Mad Wolf instantly let fly with his arrow but the thing that had come out of the forest bounded aside and the arrow missed.

“It is a ghost!” Small Otter cried.

Black Elk disagreed. Whatever it was, it was flesh and blood. He snapped his bow up to let his own shaft fly.

“There is another!” Double Walker shouted, thrusting his arm toward a second apparition.

“And a third!” Mad Wolf warned. “Where do they come from? What are they?”

“We must flee!” Small Otter exclaimed.

Black Elk refused to run. He had never run from anyone or anything in his life; his bravery was a byword among his people. For him there was one recourse, and that was to slay the things before the things slew them. Accordingly, his bowstring twanged—and the shaft flew wide of his leaping target.

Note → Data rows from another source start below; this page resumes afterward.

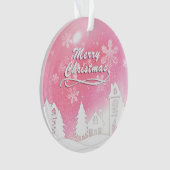 ピンクホワイトスノーハウスクリスマスニューイヤー オーナメント (正面)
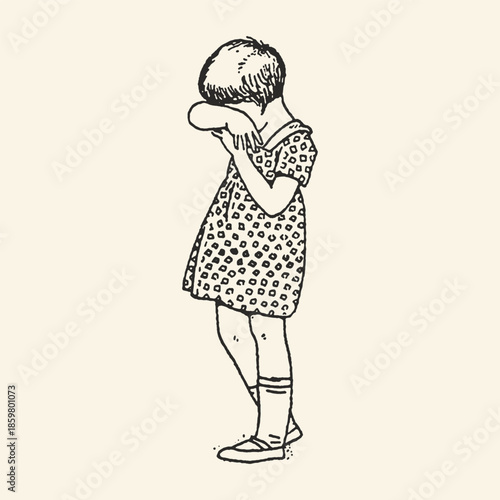Simple Vintage Illustration of a Crying Child, Minimalist Line Drawing of an Upset Toddler in a Patterned Dress, Sadness Concept Art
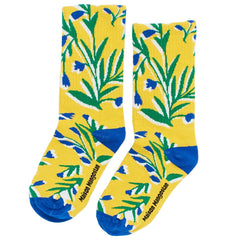 The Bengala Socks from Maison Mangostan. These fun socks feature our bengala all-over print in yellow, blue, green and white.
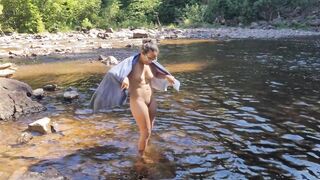 Public Agent - Almost caught Striping Naked by Waterfall and Giving Blowjob Next to Public Trail POV - 3 image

“Behind you!” Double Walker bellowed.

Uncertain whether the warning was intended for him or one of the others, Black Elk started to turn. He was only halfway around when something slammed into his back with such force that he was driven to his hands and knees. He lost his bow. Pain racked him, but not enough to stop him from grabbing for his knife. Before he could jerk it from its sheath, his wrist was seized in an immensely strong hand. A stinging pain in his throat resulted in a warm, wet sensation spreading down his neck and chest. He became unaccountably weak, and pitched onto his side. Something tore at him and he couldn’t lift a finger to stop it.

Black Elk saw Mad Wolf and Double Walker, both down and being ripped limb from limb. He saw Small Otter flee toward the white lodge. For a few moments he thought Small Otter would make it into the lodge, but the buffalo woman sprang with remarkable speed and ferocity and buried one of her long needles in Small Otter’s eye.

Black Elk’s own eyes became wet and sticky with his blood. The world faded around him. The last sound he heard was a gurgling whine that came from his own ravaged throat.